Students leave a Facing History classroom inspired by history—not paralyzed by it. They are inspired to learn more, to empathize, to speak up, and to advocate for change.
In partnership with The BULLY Project and other like-minded organizations, we are working with two Facing History alumnae whose study of history and the impact of choices people made have inspired them to petition the Oxford English Dictionary and Merriam Webster Dictionary to add the word upstander.
"I was confused as to why upstander wasn't a word that was listed in the dictionary," says Georgetown University student Monica Mahal, who along with her high school friend Sarah Decker, is working to raise awareness about the word and its meaning. "I looked up the new words that were added to the dictionary last year, and it irked me," says Mahal, who attended Watchung Hills Regional High School in New Jersey. "Those are words that are commonly used, yes, but if you look at what society should focus on, the values we should work to create, that wasn't reflected in choices like twerk and selfie. We decided to take action."
Upstander is a term frequently used in Facing History resources and classrooms to describe people who take action on behalf of others—the opposite of the more commonly-used bystander (which is included in the dictionary). "We define it as a person who chooses to take positive action in the face of injustice in society or in situations where individuals need assistance," Mahal says.
The OED adds newly popular words to its pages throughout the year. So how do you go about getting a word added? "That's a good question," Mahal says. "There's no simple way, but there are two steps you can take—one is to create awareness and the other is to prove that the word has been published and is used in sources."
Teaming up with a coalition of organizations, Mahal and Decker created a Change.org petition that invites people to support the movement and add their name to a letter addressed to the Oxford English Dictionary. "It makes me really happy to see that this idea of standing up for what's right, it's so simple it resonates with people from different cultures and countries, who speak different languages," Mahal says.
"Our ultimate goal is to get the word included in the dictionary—to one day be typing at the computer and not have upstander underlined in red," says Decker, who also interned with Facing History in New York. "But the result of the effort meets another goal as well—just educating people around the world about what this concept means. Education is the first step to positive action."
"The concept of upstander was so ingrained throughout our high school experience," Decker continues. "It helped students look at what was happening in the cafeteria, in the hallways, the locker rooms all in a different way. It is a word that really did change the environment of our high school."

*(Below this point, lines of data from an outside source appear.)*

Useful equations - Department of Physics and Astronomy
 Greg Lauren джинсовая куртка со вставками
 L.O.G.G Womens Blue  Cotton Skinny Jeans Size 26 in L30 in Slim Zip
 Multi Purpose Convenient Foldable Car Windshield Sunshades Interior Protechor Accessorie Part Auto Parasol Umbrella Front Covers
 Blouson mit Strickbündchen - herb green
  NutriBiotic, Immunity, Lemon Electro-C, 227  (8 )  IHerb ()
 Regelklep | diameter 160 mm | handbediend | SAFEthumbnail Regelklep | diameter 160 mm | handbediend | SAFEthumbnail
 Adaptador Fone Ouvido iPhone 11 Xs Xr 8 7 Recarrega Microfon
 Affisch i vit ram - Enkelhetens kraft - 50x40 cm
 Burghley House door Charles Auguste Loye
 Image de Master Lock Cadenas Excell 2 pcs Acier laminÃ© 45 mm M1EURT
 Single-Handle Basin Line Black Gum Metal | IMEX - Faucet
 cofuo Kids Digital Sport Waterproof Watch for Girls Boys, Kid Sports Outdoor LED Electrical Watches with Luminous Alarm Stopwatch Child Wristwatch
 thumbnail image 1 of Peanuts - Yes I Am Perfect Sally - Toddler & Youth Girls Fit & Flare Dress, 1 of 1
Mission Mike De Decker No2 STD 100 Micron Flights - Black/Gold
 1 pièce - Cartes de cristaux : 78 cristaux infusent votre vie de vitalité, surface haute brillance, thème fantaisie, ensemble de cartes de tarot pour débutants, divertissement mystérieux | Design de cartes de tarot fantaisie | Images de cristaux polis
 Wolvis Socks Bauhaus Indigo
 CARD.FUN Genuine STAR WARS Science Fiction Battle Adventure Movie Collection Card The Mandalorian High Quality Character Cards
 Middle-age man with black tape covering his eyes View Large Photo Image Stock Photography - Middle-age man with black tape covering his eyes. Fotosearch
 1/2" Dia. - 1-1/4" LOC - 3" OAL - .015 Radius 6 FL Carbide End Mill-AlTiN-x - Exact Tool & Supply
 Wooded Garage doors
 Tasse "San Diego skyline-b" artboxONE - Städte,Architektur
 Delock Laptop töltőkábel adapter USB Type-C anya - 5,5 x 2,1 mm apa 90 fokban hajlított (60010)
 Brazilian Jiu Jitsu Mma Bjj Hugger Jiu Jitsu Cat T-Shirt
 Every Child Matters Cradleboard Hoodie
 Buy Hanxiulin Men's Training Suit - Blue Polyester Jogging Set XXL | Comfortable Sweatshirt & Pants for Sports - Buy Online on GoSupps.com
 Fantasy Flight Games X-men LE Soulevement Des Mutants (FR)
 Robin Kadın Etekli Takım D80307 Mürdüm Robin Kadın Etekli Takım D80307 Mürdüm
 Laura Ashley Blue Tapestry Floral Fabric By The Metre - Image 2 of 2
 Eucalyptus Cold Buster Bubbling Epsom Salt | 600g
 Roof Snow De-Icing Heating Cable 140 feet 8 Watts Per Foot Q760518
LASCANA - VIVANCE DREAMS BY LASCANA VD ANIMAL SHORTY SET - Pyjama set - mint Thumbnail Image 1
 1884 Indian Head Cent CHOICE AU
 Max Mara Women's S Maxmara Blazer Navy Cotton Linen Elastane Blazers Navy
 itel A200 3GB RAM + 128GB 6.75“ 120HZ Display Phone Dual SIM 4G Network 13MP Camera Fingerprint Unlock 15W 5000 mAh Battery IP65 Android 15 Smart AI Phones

"It never struck us that it wasn't a common word," Mahal agrees.
Both girls served on their high school’s diversity council and, in their senior year, organized a community "White-Out to Erase Bullying" event, which raised awareness of bullying and, of upstander behavior, and encouraged students to pledge not to be silent in the face of bullying at their own schools. Even the town’s mayor and city council members joined in.
"It's sending out a bad message to youth when the word bystander is in the dictionary, but upstander isn't," Decker says. "It's such an important concept and we believe it needs to be defined and universally shared."